The marital difficulties between the defendant and Florence Kulak have reemerged, and there is pending an action for the dissolution of the marriage. One of the issues in that action is the defendant's contention that he had an equitable interest in the house based on contributions he made over the years of their marriage and that, therefore, the conveyance of the premises by Florence Kulak to her children without his knowledge and consent was fraudulent.

On November 8, 2000, the plaintiffs served on the defendant a notice to quit the premises on or before December 1, 2000, stating as the reason that "Your right or privilege to occupy said premises has terminated."

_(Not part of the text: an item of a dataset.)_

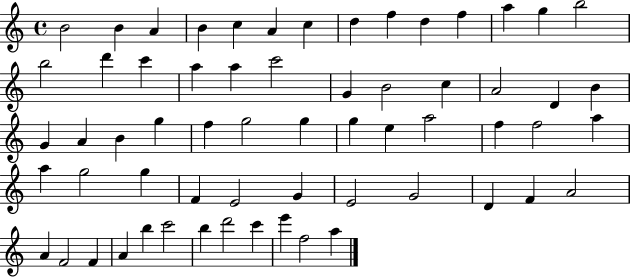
B4/h B4/q A4/q B4/q C5/q A4/q C5/q D5/q F5/q D5/q F5/q A5/q G5/q B5/h B5/h D6/q C6/q A5/q A5/q C6/h G4/q B4/h C5/q A4/h D4/q B4/q G4/q A4/q B4/q G5/q F5/q G5/h G5/q G5/q E5/q A5/h F5/q F5/h A5/q A5/q G5/h G5/q F4/q E4/h G4/q E4/h G4/h D4/q F4/q A4/h A4/q F4/h F4/q A4/q B5/q C6/h B5/q D6/h C6/q E6/q F5/h A5/q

On December 20, 2000, the plaintiffs filed in this court a summary process complaint against the defendant, dated December 6, alleging in paragraph 2 that the "defendant has (sic) the right or privilege to occupy the premises but has lost that right or privilege." In paragraph 3, the complaint alleges service of the notice to quit the premises on or before December 1, 2000, and that notice to quit is attached to the complaint.

In response to the defendant's request to revise, the plaintiffs filed an amendment to paragraph 2 of the complaint on March 22, 2001. Paragraph 2 was amended to read:

"The defendant had the right or privilege to occupy the premises but has lost that right or privilege as of December 6, 2000 when the plaintiffs determined they wished possession of the premises. There was no written lease between the parties and the defendant had the right to occupy the premises solely at the sufferance of the plaintiffs."

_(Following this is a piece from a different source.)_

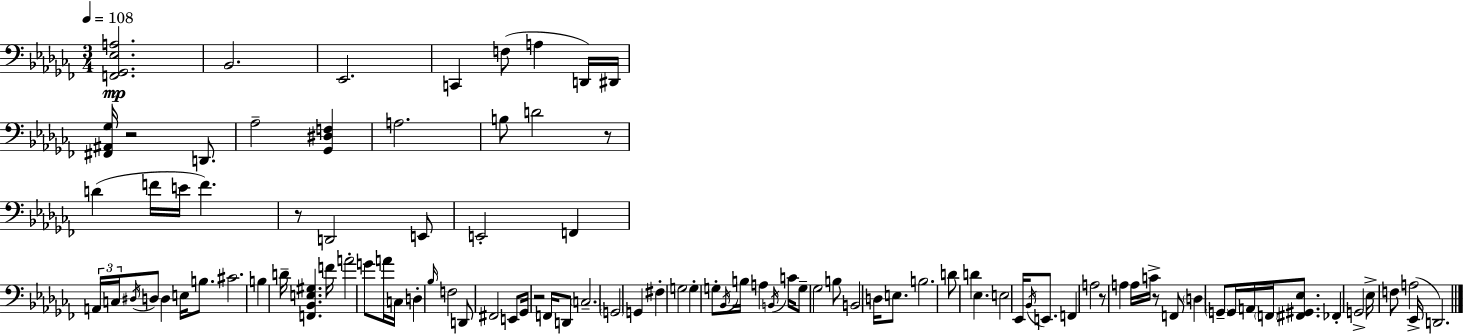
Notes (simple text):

[F2,Gb2,Eb3,A3]/h. Bb2/h. Eb2/h. C2/q F3/e A3/q D2/s D#2/s [F#2,A#2,Gb3]/s R/h D2/e. Ab3/h [Gb2,D#3,F3]/q A3/h. B3/e D4/h R/e D4/q F4/s E4/s F4/q. R/e D2/h E2/e E2/h F2/q A2/s C3/s D#3/s D3/e D3/q E3/s B3/e. C#4/h. B3/q D4/s [F2,Bb2,E3,G#3]/q. F4/s A4/h G4/e A4/s C3/s D3/q Bb3/s F3/h D2/e F#2/h E2/e Gb2/s R/h F2/s D2/e C3/h. G2/h G2/q F#3/q G3/h G3/q G3/e Bb2/s B3/s A3/q B2/s C4/s G3/e Gb3/h B3/e B2/h D3/s E3/e. B3/h. D4/e D4/q Eb3/q. E3/h Eb2/s Bb2/s E2/e. F2/q A3/h R/e A3/q A3/s C4/s R/e F2/e D3/q G2/e G2/s A2/s F2/s [F#2,G#2,Eb3]/e. FES2/q G2/h Eb3/s F3/e A3/h Eb2/s D2/h.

On March 28, 2001, the defendant filed this motion to dismiss the complaint. In his brief to the court and at oral argument, the defendant advances essentially three arguments in support of the motion: 1) that the defendant is not and never was a tenant within the meaning of landlord-tenant law; 2) that the dispute between the parties should be resolved in conjunction with the dissolution action already pending before the court; and 3) that there is a discrepancy between the notice CT Page 6307 to quit and the summary process complaint that affects the court's subject matter jurisdiction.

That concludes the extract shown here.